Sony Ericsson announced Android software upgrade plans for its Xperia smartphone line on Thursday, saying that all 2011 Xperia handsets will get Android 2.3.4. The upgrades will begin in a phased rollout this October, with options to get the software over the air or by direct download via computer. News of the upgrade should be welcomed by current Sony Ericsson (s sny)(s eric) owners, as the company’s first Android handsets were among the slowest in the industry to see newer versions of Google’s (s goog) operating system.
The update is mainly a maintenance release, but Sony Ericsson is including one key feature that many other Android 2.3.4 phones are lacking: support for Google Talk video chat. Also included are features specific to the Xperia line, such as deeper Facebook integration with single sign-on, contact and calendar sync; Facebook photo integration with the handset’s image gallery; and a media discovery widget to see what media your Facebook friends are recommending.
After the update, Xperia owners will also have screen-capture functionality, USB peripheral support, Swype text input and a panoramic scene capture in the camera application. The panorama feature can capture a 3-D image, but a 3-D television is required to see it.

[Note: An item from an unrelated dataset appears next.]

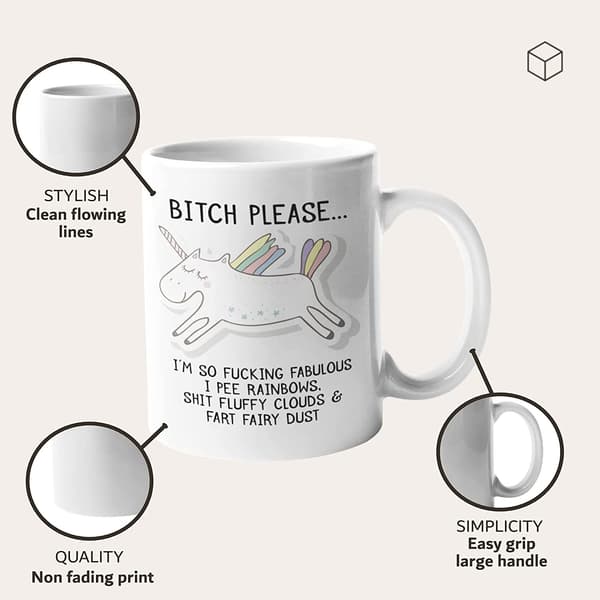 Bitch Please I'm So Fabulous Unicorn Ceramic Mug Novelty Office Birthday Christmas Coffee Gift Tea Cup Gift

Android 2.3.4 will also power the newest addition to Sony Ericsson’s smartphone lineup when the Xperia Neo V arrives in the fourth quarter of this year. The new handset uses Sony’s Mobile Bravia Engine for the 3.7-inch 480 x 854 display, bringing improved contrast, noise reduction and color management, similar to that of a Bravia television. The new Neo V is powered by a 1 GHz Snapdragon (s qcom) CPU and comes with a scant 1 GB of internal storage, of which 320 MB is user accessible. The phone does have a microSD memory card slot capable of expanding storage by another 32 GB, however.
The software update is certainly good news, but the new Xperia Neo V seems more of the same, at least on paper. Last September, Sony Ericsson said it planned to become the top Android handset seller in the world, and while the new Xperia phone and software updates will keep current owners happy, neither seems revolutionary enough for the company to make good on its goal in the near future.